» Provided records
■ ■ ■ ■ ■ ■ ■

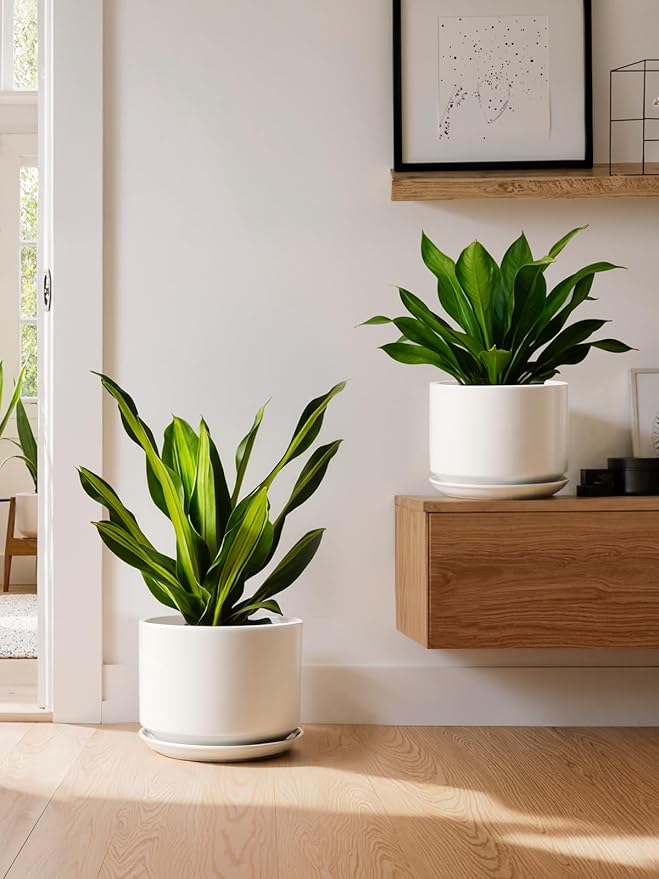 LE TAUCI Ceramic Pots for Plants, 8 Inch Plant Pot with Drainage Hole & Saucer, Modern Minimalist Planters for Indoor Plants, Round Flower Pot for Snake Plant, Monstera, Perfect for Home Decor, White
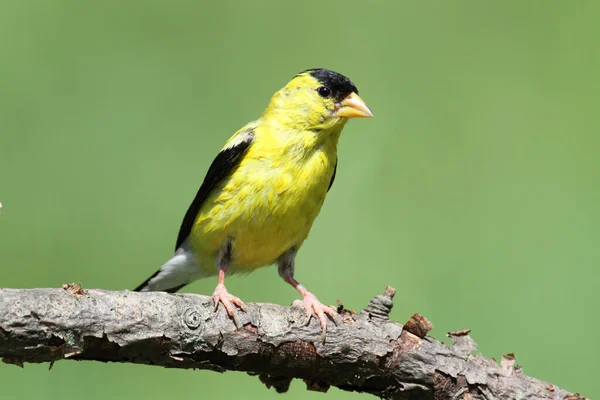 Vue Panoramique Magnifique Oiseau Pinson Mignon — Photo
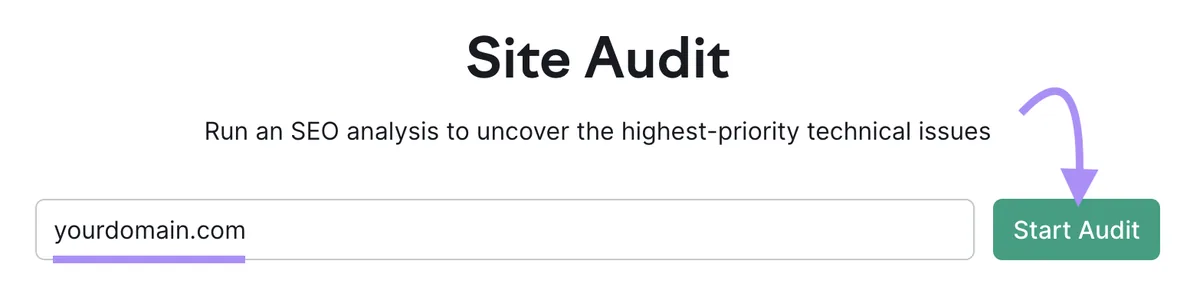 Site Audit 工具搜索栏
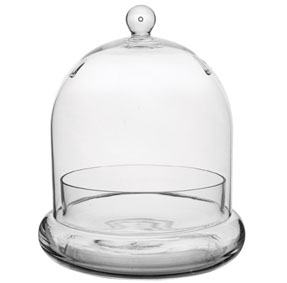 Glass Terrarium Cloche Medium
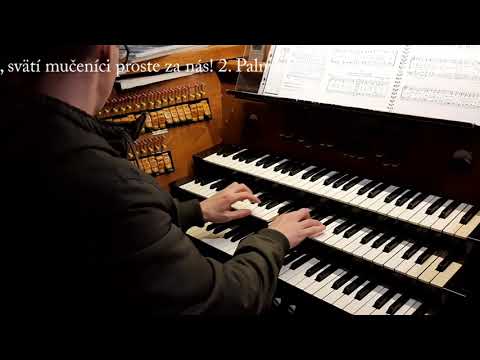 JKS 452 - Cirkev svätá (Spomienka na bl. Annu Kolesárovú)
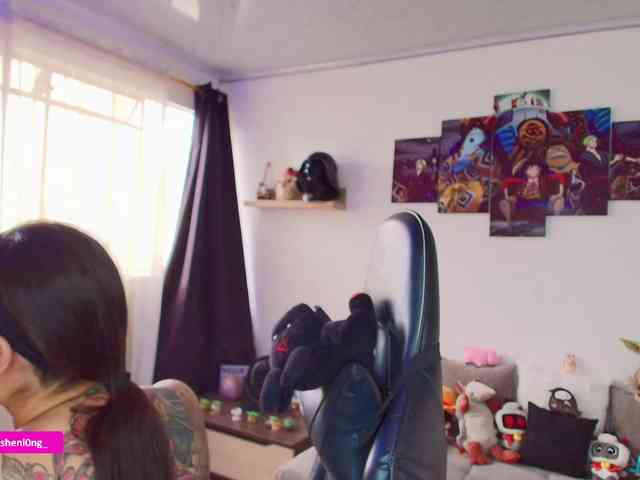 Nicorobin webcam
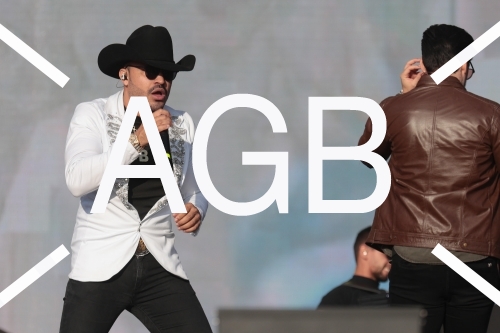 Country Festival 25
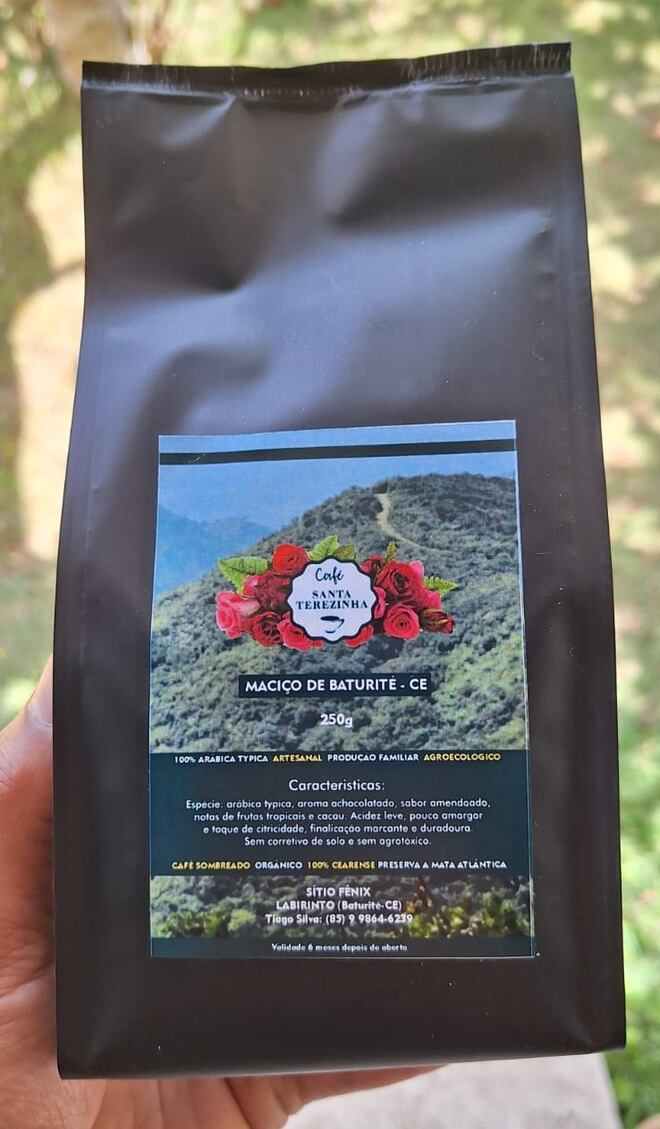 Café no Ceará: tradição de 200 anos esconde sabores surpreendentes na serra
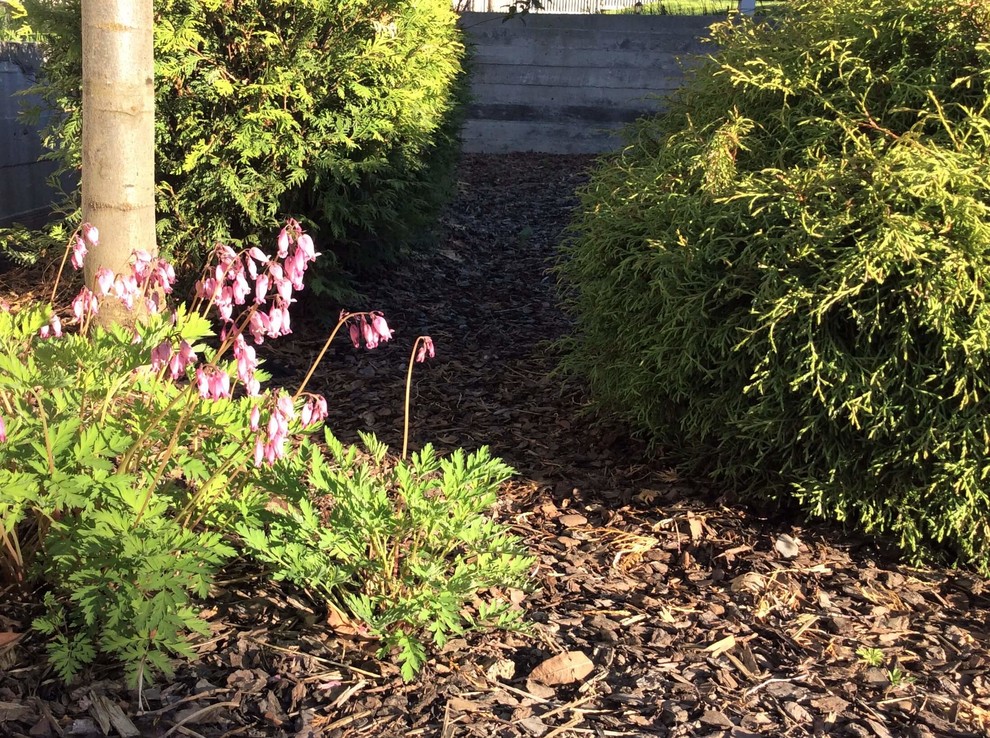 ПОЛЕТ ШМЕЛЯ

■ ■ ■ ■ ■ ■ ■

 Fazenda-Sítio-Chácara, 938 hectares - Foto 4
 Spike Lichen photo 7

■ ■ ■ ■ ■ ■ ■

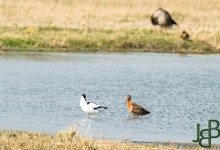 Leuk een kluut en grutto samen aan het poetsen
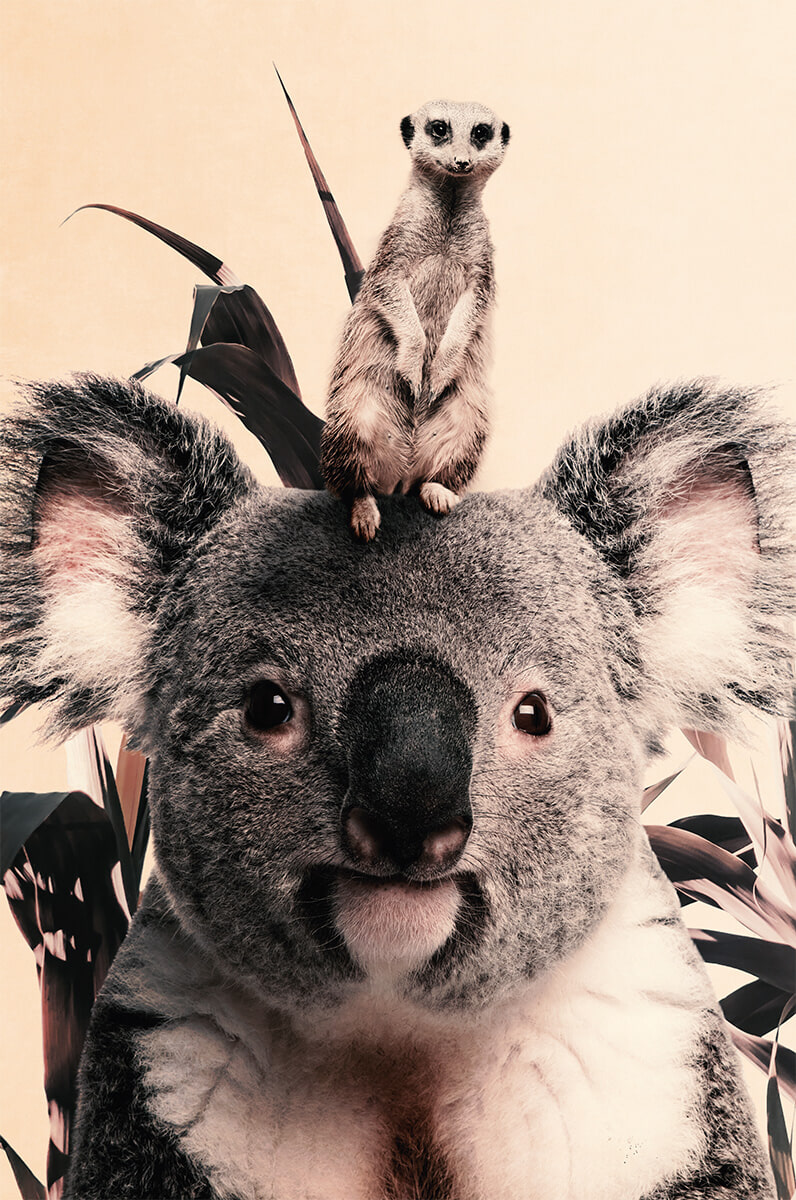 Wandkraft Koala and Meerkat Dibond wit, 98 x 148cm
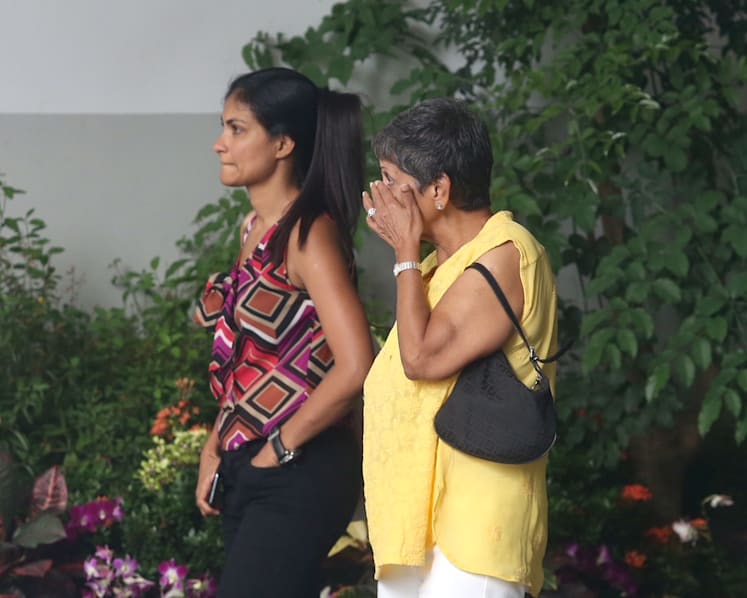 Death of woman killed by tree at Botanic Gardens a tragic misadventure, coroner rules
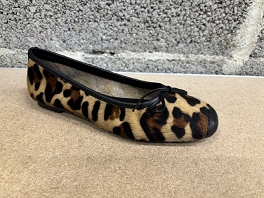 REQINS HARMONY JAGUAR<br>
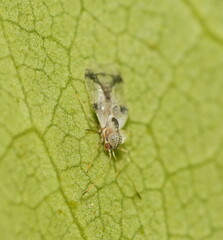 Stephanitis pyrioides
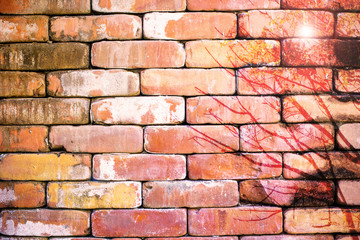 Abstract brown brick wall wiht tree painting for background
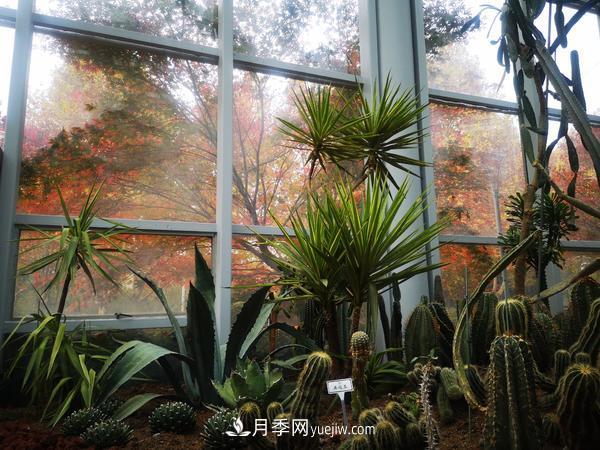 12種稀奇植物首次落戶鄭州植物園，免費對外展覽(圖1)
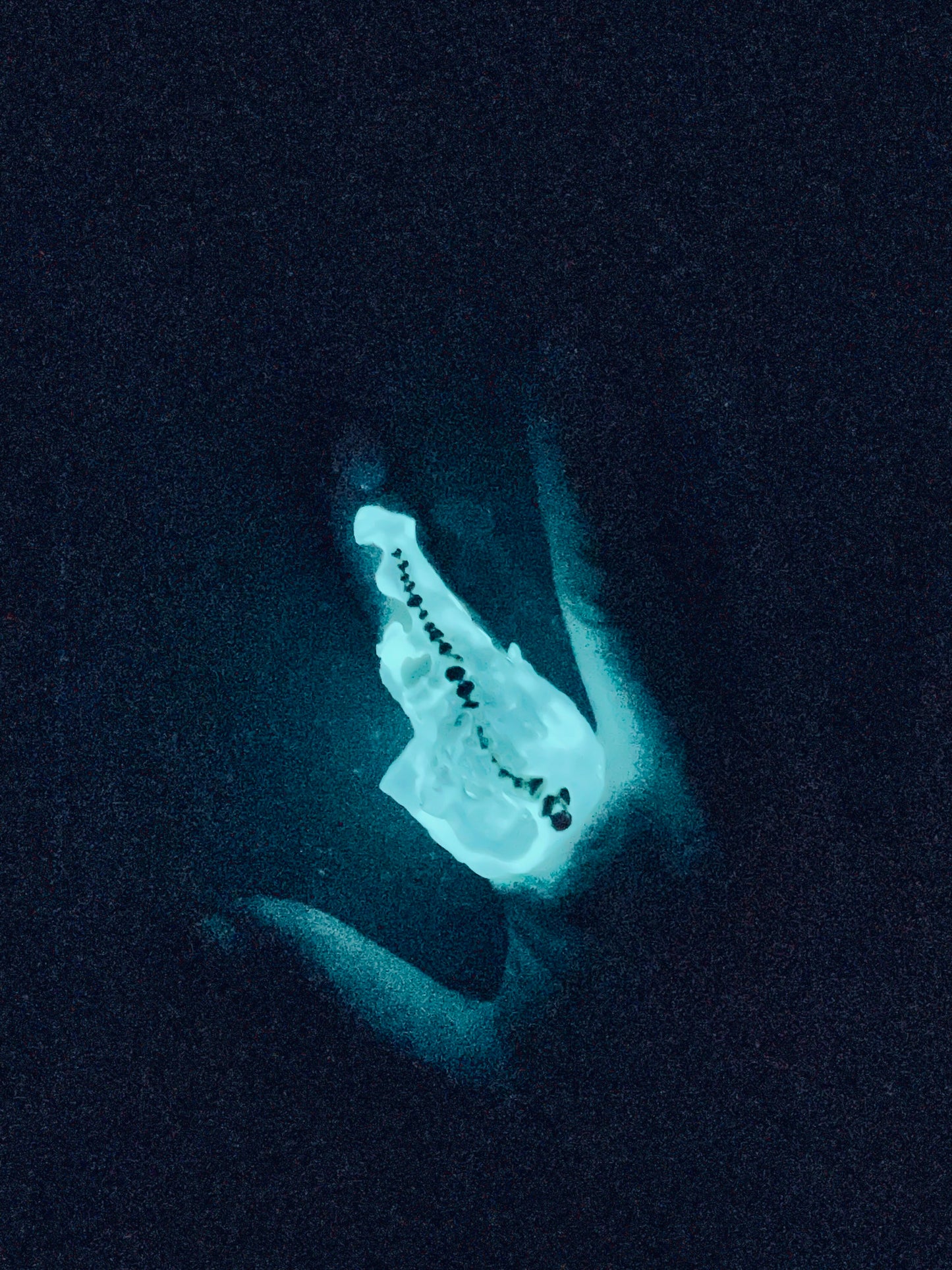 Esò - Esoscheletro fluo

■ ■ ■ ■ ■ ■ ■

» Task requirements
Set down, exactly as written above, each line from the one with "Leuk een kluut" through the one with "Esò - Esoscheletro fluo", and skip the pictures.

» Written answer
 Leuk een kluut en grutto samen aan het poetsen
 Wandkraft Koala and Meerkat Dibond wit, 98 x 148cm
 Death of woman killed by tree at Botanic Gardens a tragic misadventure, coroner rules
 REQINS HARMONY JAGUAR<br>
 Stephanitis pyrioides
 Abstract brown brick wall wiht tree painting for background
 12種稀奇植物首次落戶鄭州植物園，免費對外展覽(圖1)
 Esò - Esoscheletro fluo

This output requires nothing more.